Pan przymierza buty, są idealnie dopasowane.
- No to może nowe slipki?
Chwila wahania...
- Jasne, przecież przydadzą mi się nowe slipki.
- Rozmiar 36?
- Ostatnio nosiłem 34...
- Nie mógł pan nosić 34. Powodowałyby ucisk jąder na podstawę kręgosłupa i miałby pan cholerny ból głowy...
14 grudnia 2013 23:50 / 8 osobom podoba się ten post
Lodówka zrobiła imprezę.
Pozapraszała samych znajomych.
Wszyscy bawią się świetnie: odkurzacz się nawciągał, kaloryfer już rozgrzany, kuchenka daje ostro w palnik, pralka się rozkręca, w łazience wiatrak dmucha suszarkę, impreza na całego.
Gospodyni chodzi po mieszkaniu i rozdaje zimne drinki.
Patrzy, a pod ścianą stoi smutny Trabant.
Podchodzi do niego i mówi:
- Ej trabant, a co Ty taki smutny stoisz i się nie bawisz? Masz tu seteczkę, walnij sobie to się od razu rozruszasz.
- Nie mogę, samochodem jestem.
15 grudnia 2013 00:02 / 1 osobie podoba się ten post
ORIM

Wpada facet do apteki i krzyczy:
-Ludzie! Przepuście mnie bez kolejki!

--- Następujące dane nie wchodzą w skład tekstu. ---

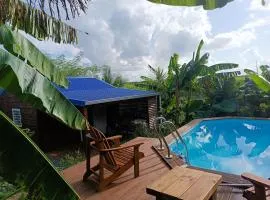 Le Paradis des Colibris Gîte créole avec piscine table dhôtes et nature à Anse Bertrand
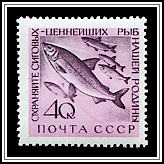 Coregonus Lavaretus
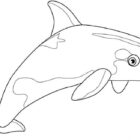 Whales Coloring Pages - Coloring Kids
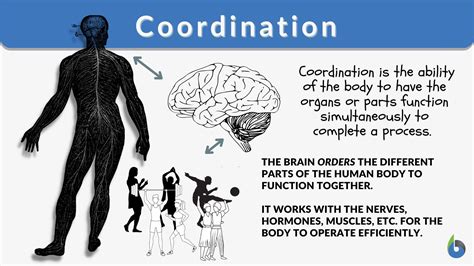 What is the best example of coordination?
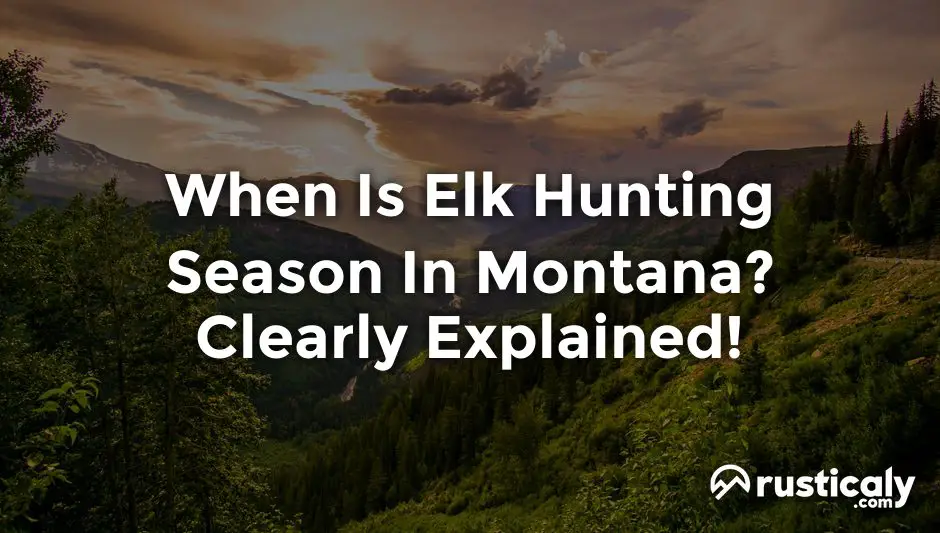when is elk hunting season in montana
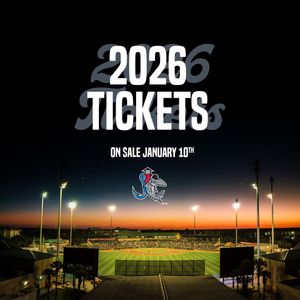 Image post by @gohammerheads on Instagram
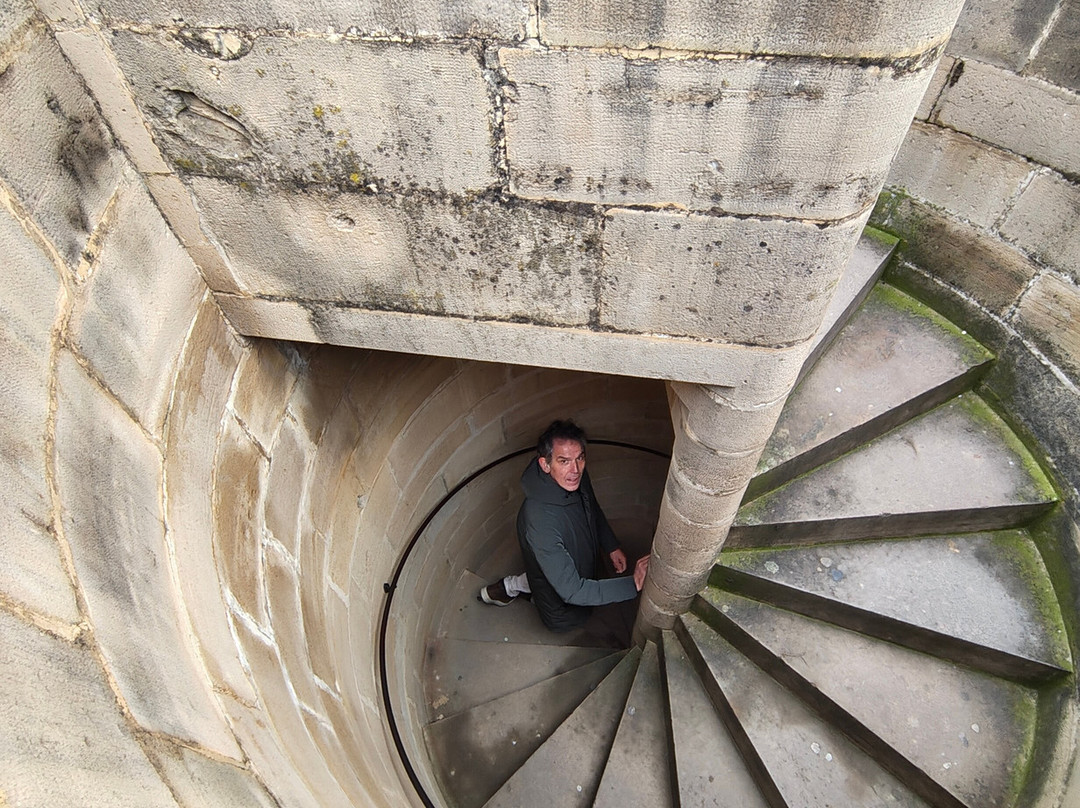 Reyna de Copas Vinoteca-Olite必去景点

Tam człowiek leży i czeka!
Ludzie poruszeni przepuścili, facet podbiega do okienka i krzyczy:
-Dwie prezerwatywy proszę...

Mam problem i nie mogę zasnąć, dlaczego dwie?
15 grudnia 2013 07:50 / 3 osobom podoba się ten post
Czy babcie ogladają te strony, co mam myśli?

15 grudnia 2013 08:53
barbarella

Mam problem i nie mogę zasnąć, dlaczego dwie?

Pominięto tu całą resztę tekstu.